In 1981, with Schulz leading the defense, Emory recorded his first winning season as head coach. Schulz led the team in tackles in 1981 with 125 tackles. He also had nine sacks. He earned honorable mention All-America honors by the Associated Press.

In 1982, Schulz made 105 tackles and 10 sacks and earned Associated Press All-America honors. After the season, he tried to get a redshirt out of his freshman year at Chowan in order to play for the Pirates in 1983, but could not get it since he played too much his freshman year.

Schulz played in the Blue–Gray Football Classic on December 25, 1982.

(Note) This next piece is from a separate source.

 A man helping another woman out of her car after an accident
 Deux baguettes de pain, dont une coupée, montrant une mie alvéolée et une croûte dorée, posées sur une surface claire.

Schulz was inducted into the East Carolina Athletics Hall of Fame in 1999.

==Professional career==
The Green Bay Packers told Schulz that they were going to draft him in the 1983 NFL draft. However, he was selected by the Philadelphia Eagles in the second round (46th overall), one pick before the Packers would pick. He became the highest draft pick ever to come out of East Carolina until Robert Jones was selected in the first round (24th overall) of the 1991 NFL draft. He was also drafted in the 14th round of the 1983 USFL draft by the Washington Federals, but he chose to sign with the Eagles. He signed a series of one-year contracts with the Eagles on May 24, 1983. He quickly became the starter at left outside linebacker for the team, and in his NFL debut, a game against the Packers, Schulz made two sacks and had more than 10 tackles. A few weeks later, against the Denver Broncos, Schulz injured his knee, his first injury since before college. He subsequently injured it many times during the season. A more serious knee injury caused him to miss the entire 1985 season. He received the Ed Block Courage Award in 1986 after he came back from the injury. Schulz was released on April 27, 1988 and subsequently retired thereafter.

==After football==
Schulz runs his family's 2 seafood restaurant's with his parents, the Fisherman's Inn and Crab Deck (fishermansinn.com) which burned down in 1980 and has since been rebuilt. Schulz purchased the Salts Pond Marina Resort located in Hampton, Virginia (VA), right off the Chesapeake Bay. Schulz also is a land developer and manages several commercial properties. He is currently the President of the Kent Island Volunteer Fire Department.

==Personal==
Schulz is married to his wife, Sherri, and they have four sons: Dusty, Kirby, Kolby and Dorsey. They live on their 123-acre waterfront farm in Chester Maryland where they are avid deer and waterfowl hunters.